P13B-2142
Carbon Dioxide Chemistry on Titan’s Surface
Monday, 14 December 2015
Poster Hall (Moscone South)
Robert P Hodyss1, Morgan L Cable2, Michael J Malaska3 and Tuan Hoang Vu2, (1)NASA Jet Propulsion Laboratory, Pasadena, CA, United States, (2)Jet Propulsion Laboratory, Pasadena, CA, United States, (3)Organization Not Listed, Washington, DC, United States
Abstract:
The surfaces of the moons of the outer Solar System are usually considered too cold (30-100 K) for significant chemistry to occur without the input of energy from exogenic sources (such as charged particles or VUV irradiation). In particular, Titan’s thick atmosphere prevents significant amounts of high energy radiation from reaching the surface, limiting opportunities for surface chemical reactivity.
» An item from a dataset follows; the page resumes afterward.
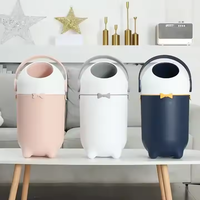 Petite poubelle poubelle en plastique résistante aux odeurs pour chambre à coucher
Recently, we have identified carbamation, the reaction of carbon dioxide with primary amines to form carbamic acids, as a reaction that could occur thermally on Titan’s surface. Amines should be present on Titan’s surface, formed by photochemical reactions of N2 and CH4 in the upper atmosphere, and amine-containing molecules have been detected as a component of laboratory tholins made in terrestrial laboratories. There is some spectral evidence that CO2 is present on the surface, and CO2 has been definitively identified in the atmosphere. We use a combination of micro-Raman spectroscopy and UHV FTIR spectroscopy to examine the reaction products and kinetics of the carbamation reaction for a variety of primary amines. The reaction occurs readily at Titan surface temperatures (94 K), and leads to both carbamic acids and ammonium carbamate salts. Our kinetic data can be used to estimate the lifetime of CO2 on Titan’s surface, and thus constrain the age of possible CO2-bearing cryovolcanic deposits.